ROANOKE TIMES

                         Roanoke Times
                 Copyright (c) 1995, Landmark Communications, Inc.

DATE: WEDNESDAY, February 22, 1995                   TAG: 9502220098
SECTION: NATL/INTL                    PAGE: A-1   EDITION: METRO 
SOURCE: The Washington Post
DATELINE: WASHINGTON                                LENGTH: Short


JUDGE: CLINTON FUND PERSONAL

A federal judge ruled Tuesday that President Clinton's legal defense fund is not an advisory committee and does not have to allow public access to its records or meetings.

But in dismissing a lawsuit that raised a narrow legal question, U.S. District Judge Royce C. Lamberth noted that there are broader issues involved in a sitting president's establishing a fund to pay for his personal legal expenses.

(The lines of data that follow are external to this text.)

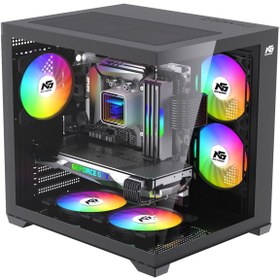 Resim Next Gaming Orion Cube 5x Tuştan Değişen RGB Fanlı M-Atx Boş Bilgisayar Kasası Siyah 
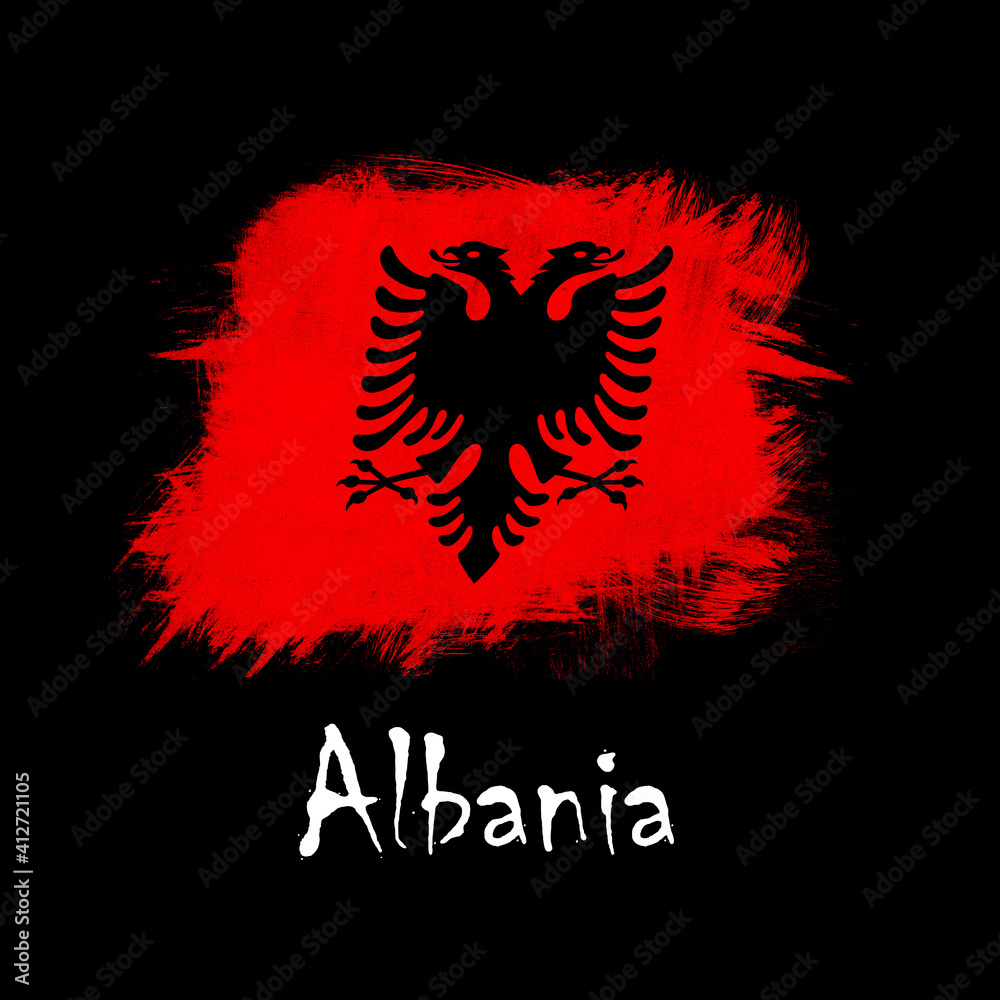 National flag of Albania, abbreviated with al; a realistic 3d image of the national symbol from an independent country painted on a black background with the countryname below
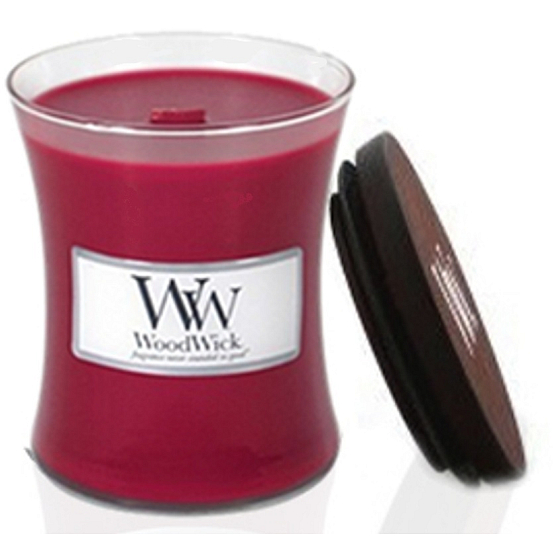 Woodwick Currant - Ríbezle vonná sviečka s dreveným knôtom a viečkom sklo malá 85 g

``To the court's knowledge, there have been no other funds established by a sitting president to offset his personal legal fees and costs,'' the judge wrote. ``Clearly, there are major public policy, legal and ethical questions presented here. ... The court does not address the wisdom, ethical implications, or other legal issues attendant to creation and operation of the trust.''

On the issue raised by the lawsuit filed last August by Judicial Watch Inc., a recently formed nonprofit watchdog group, Lamberth sided with lawyers for Hillary Rodham Clinton, who helped set up the fund, and trustees of the Presidential Legal Expense Trust who argued that the fund advises the president on personal, not public policy matters. The judge said it does not fall under the Federal Advisory Committee Act, which requires public access to groups composed of private citizens who provide advice to the president.

``Undoubtedly, personal matters may be a distraction for the president ... Nonetheless, parties who help the president deal with such matters are not thereby transmuted into an advisory committee," Lamberth wrote.